──────── STORED DATA ────────

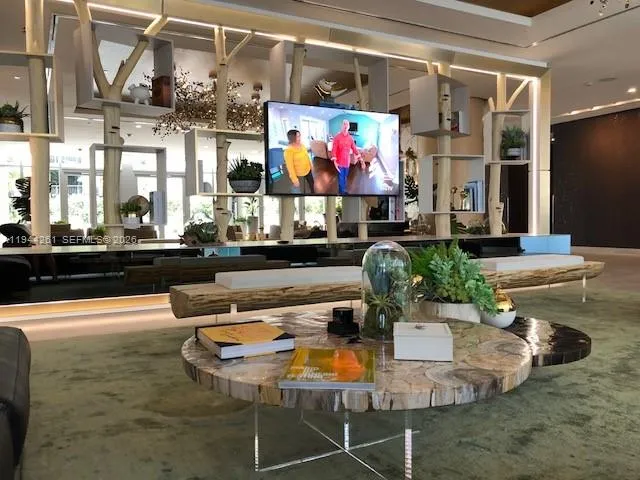 a dining room with furniture and a floor to ceiling window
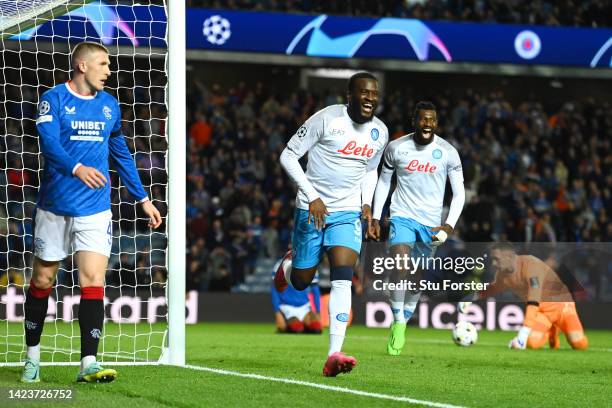 Tanguy NDombele of SSC Napoli celebrates after scoring their side's third goal during the UEFA Champions League group A match between Rangers FC and...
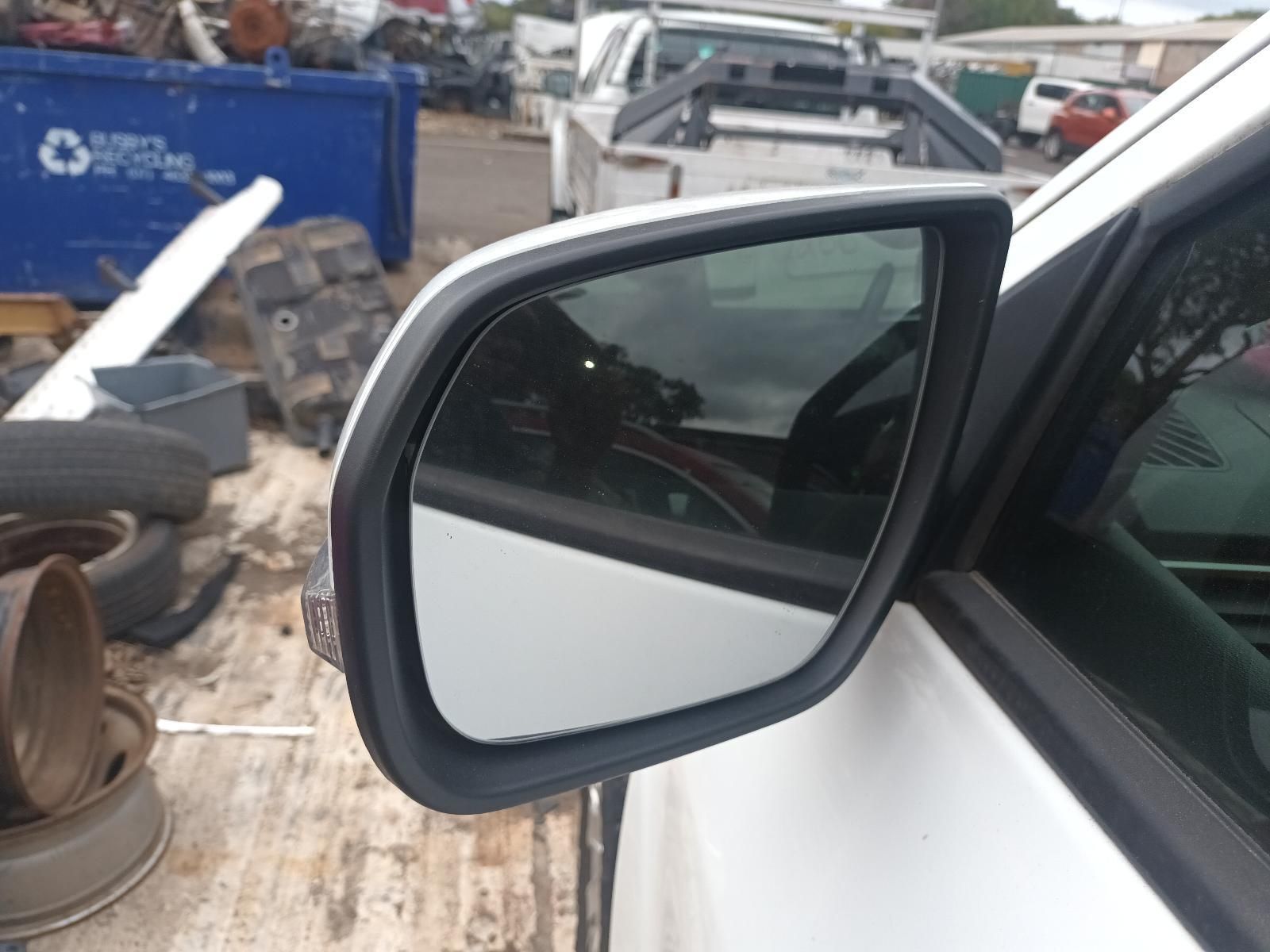 A Side View Mirror on a White Car with a Blue Dumpster in the Background — South West 4WD Wreckers In Brisbane, QLD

────────

> **REQUIRED ACTION**
Return all the data exactly, pictures omitted.

> **EXERCISE RESULT**
 a dining room with furniture and a floor to ceiling window
 Tanguy NDombele of SSC Napoli celebrates after scoring their side's third goal during the UEFA Champions League group A match between Rangers FC and...
 A Side View Mirror on a White Car with a Blue Dumpster in the Background — South West 4WD Wreckers In Brisbane, QLD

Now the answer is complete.